BEGIN

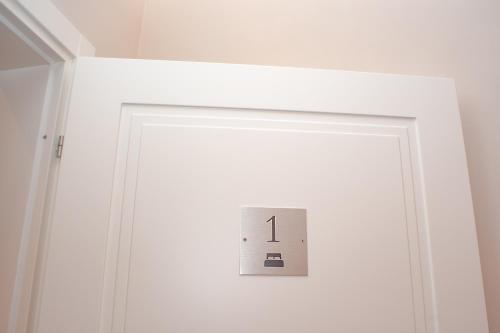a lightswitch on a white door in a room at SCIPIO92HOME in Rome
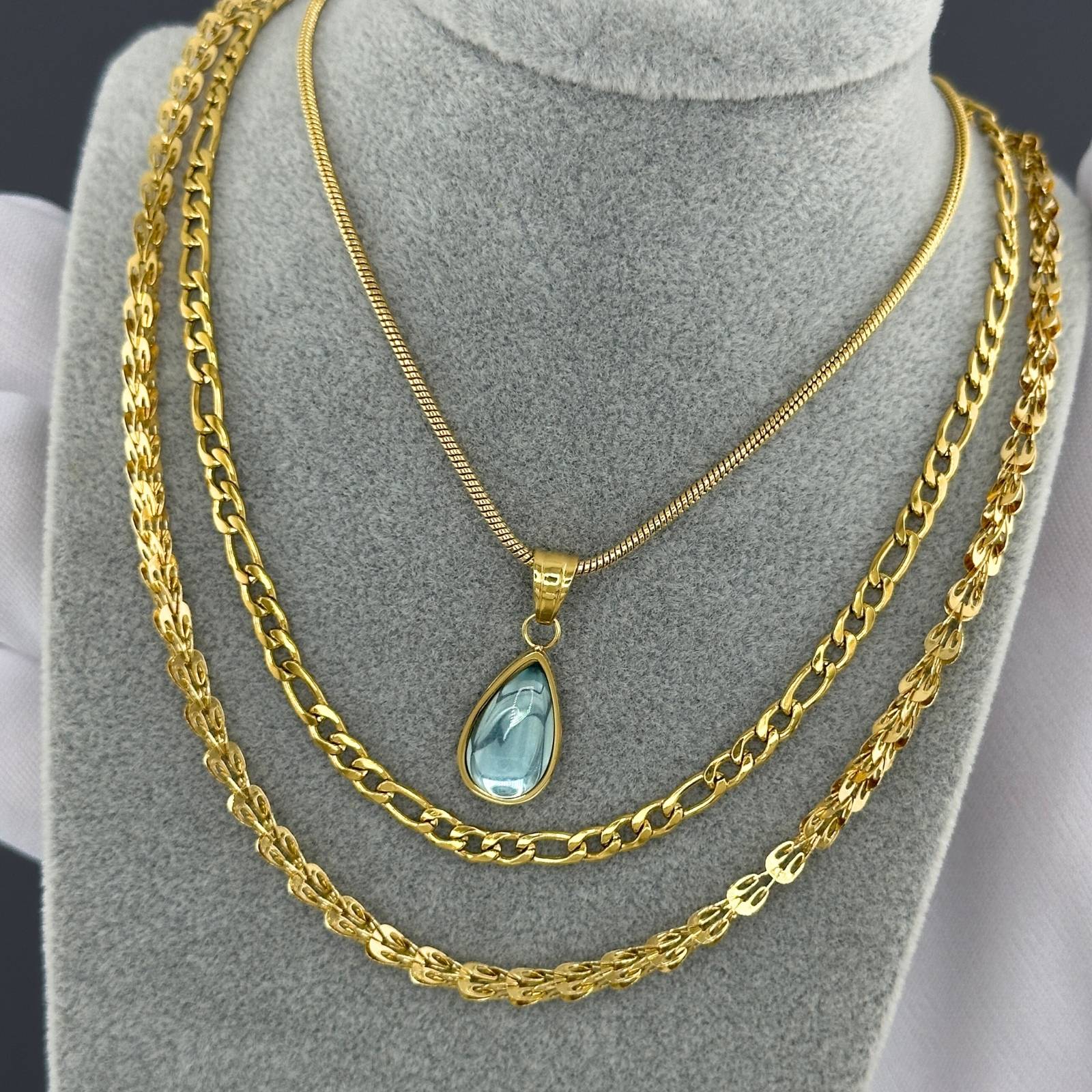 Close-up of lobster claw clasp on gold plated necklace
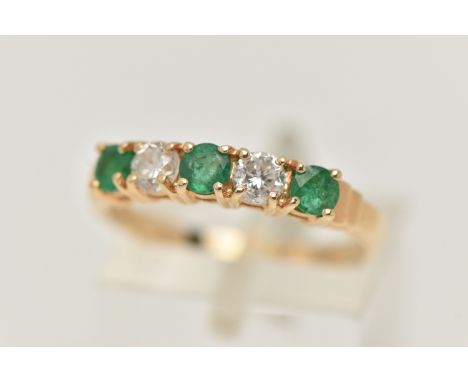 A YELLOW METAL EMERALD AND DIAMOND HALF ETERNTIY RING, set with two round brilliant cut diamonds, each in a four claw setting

END

What you need to do:
Write out exactly the lines from the line that contains "Close-up of lobster" to the last line of the material above, both included; pictures do not belong in the copy.

Answer:
 Close-up of lobster claw clasp on gold plated necklace
 A YELLOW METAL EMERALD AND DIAMOND HALF ETERNTIY RING, set with two round brilliant cut diamonds, each in a four claw setting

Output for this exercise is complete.